Dalam tradisi shalat tarawih yang dicontohkan oleh salafus shalih, para jamaah biasanya mengambil jeda setiap empat rakaat untuk beristirahat. Jeda tersebut diisi dengan berbagai kegiatan, seperti shalat dan membaca al-Quran. Hal ini sejalan dengan tradisi Qiyamul Lail yang dipraktikkan oleh Nabi dan para sahabat.
Tujuan utama dari shalat adalah untuk mengingat Allah SWT. Oleh karena itu, shalat yang baik seharusnya dilakukan dengan penuh ketenangan dan tidak terburu-buru, apalagi dilakukan dengan gerakan super kilat.

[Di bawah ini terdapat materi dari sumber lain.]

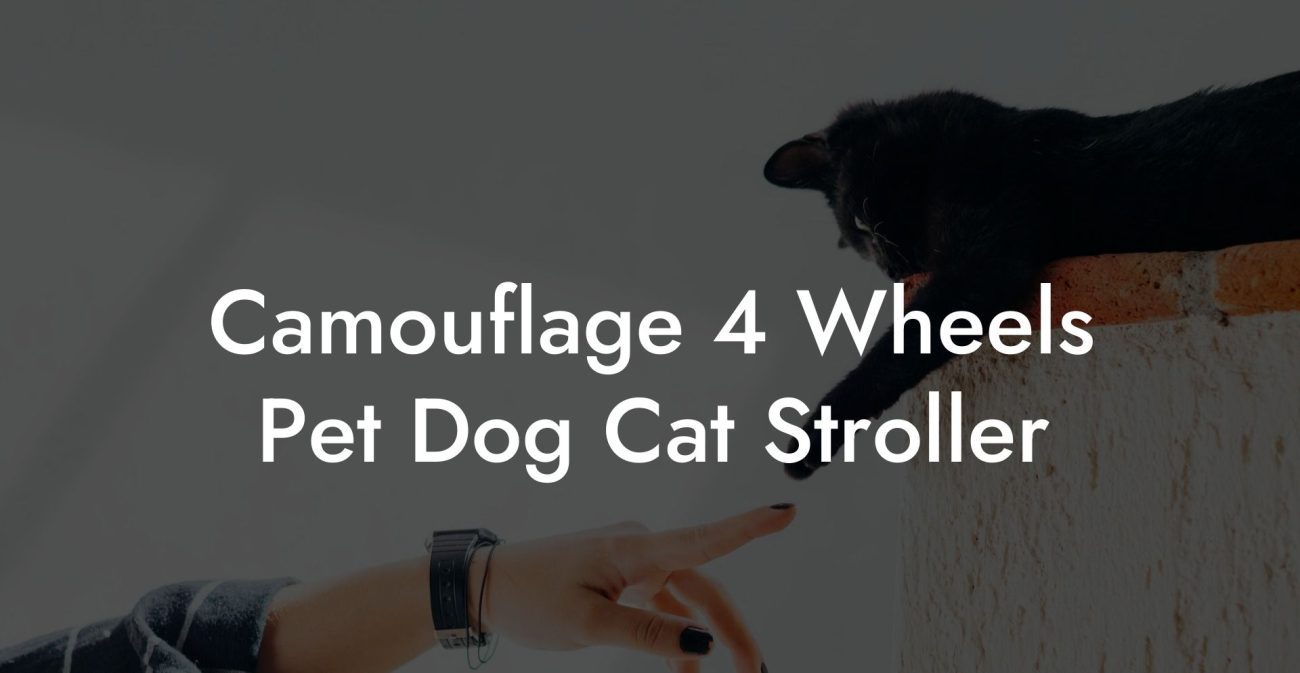 Camouflage 4 Wheels Pet Dog Cat Stroller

Dalam hadits, disebutkan bahwa shalat harus dilakukan dengan tenang, merendahkan diri, mendekatkan diri kepada Allah, meratap, menyesali dosa-dosa, dan mengucapkan doa kepada-Nya. Ketidaktertiban dan kekurangtenangan dalam shalat bisa mengurangi nilai spiritual dari ibadah tersebut.
Praktik tarawih super kilat yang tidak memperhatikan aspek ketenangan dan makna dari tarawih sendiri sebaiknya mendapat perhatian serius. Penting bagi PWNU Jawa Timur untuk mendekati pengasuh pondok pesantren terkait agar nilai-nilai spiritual dalam ibadah tetap terjaga.
Tarawih merupakan anugerah Allah yang harus dimanfaatkan secara optimal dan dengan penuh kekhusyukan. Semoga praktik-praktik ibadah kita selalu diberkahi-Nya tanpa mengurangi esensi dari ibadah tersebut.